Mais beaucoup et la plupart des fascinations ne sont généralement que des tours d’adresse. On lit dans les Aventures de Till l’espiègle des fascinations de ce genre. Un jour, dans une foire, il paria avec un grand seigneur que, sur un signe magique qu’il allait faire, une marchande de faïence briserait toute sa boutique, ce qui eut lieu. Mais il avait payé d’avance les pots cassés. Il joua un autre tour semblable en payant un festin, au moyen de son chapeau, qu’il disait magique, et qu’il faisait pirouetter sur son doigt pour solder l’addition. Le dîner pareillement se trouvait payé d’avance.

Les femmes maures s’imaginent qu’il y a des sorciers qui fascinent par leur seul regard, et tuent les enfants. Cette idée leur est commune avec les anciens Romains, qui honoraient le dieu Fascinus, à qui l’on attribuait le pouvoir de garantir les enfants des fascinations et maléfices. Voy. Yeux, Zilon, Prestiges, etc.

Les faïences brisées


Fatalisme, doctrine de ceux qui reconnaissent une destinée inévitable. Si quelqu’un rencontre un voleur, les fatalistes disent que c’était sa destinée d’être tué par un voleur. Ainsi cette fatalité a assujetti le voyageur au fer du voleur, et a donné longtemps auparavant au voleur l’intention et la force, afin qu’il eût, au temps marqué, la volonté et le pouvoir de tuer celui-ci. Et si quelqu’un est écrasé par la chute d’un bâtiment, le mur est tombé parce que cet homme était destiné à être enseveli sous les ruines de sa maison Dites plutôt qu’il a été enfoui sous les ruines parce que le mur est tombé[1]. Où serait la liberté des hommes, s’il leur était impossible de se soustraire à une fatalité aveugle, à une destinée inévitable ? Est-il rien de plus libre que de se marier, de suivre tel ou tel genre de vie ? Est-il rien de plus fortuit que de périr par le fer, de se noyer, d’être malade ?… L’homme vertueux, qui parvient par de grands efforts à vaincre ses passions, n’a donc plus besoin de s’étudier à bien faire, puisqu’il ne peut être vicieux ?… C’est un peu la détestable doctrine de Calvin.

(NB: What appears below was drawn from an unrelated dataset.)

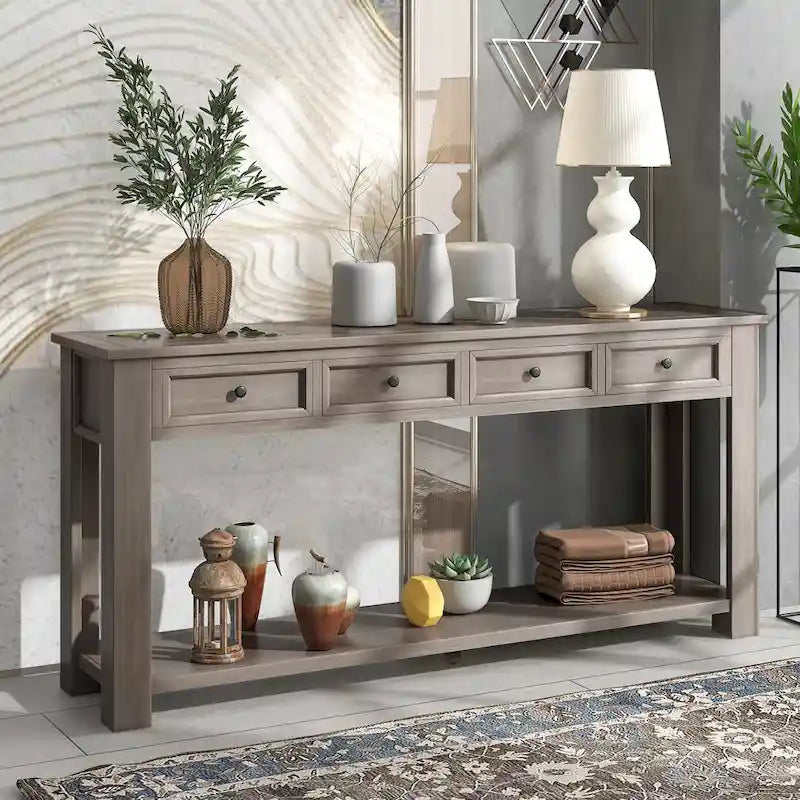 Sofa Table with Storage Drawers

Faunes, dieux rustiques inconnus aux Grecs. On les distingue des satyres et sylvains, quoiqu’ils aient aussi des cornes de chèvre ou de bouc, et la forme d’un bouc depuis la ceinture jusqu’en bas. Mais ils ont les traits moins hideux, une figure plus gaie que celle des satyres, et moins de brutalité. D’anciens Pères les regardent comme des démons incubes[2] ; et voici l’histoire qu’en donnent les docteurs juifs : « Dieu avait déjà créé les âmes des faunes et des satyres, lorsqu’il fut interrompu par le jour du sabbat, en sorte qu’il ne put les unir à des corps, et qu’ils restèrent ainsi de purs esprits et des créatures

  1. Barclai, l’Argenis.
  2. Delancre, Tableau de l’inconstance des démons, etc., p. 214.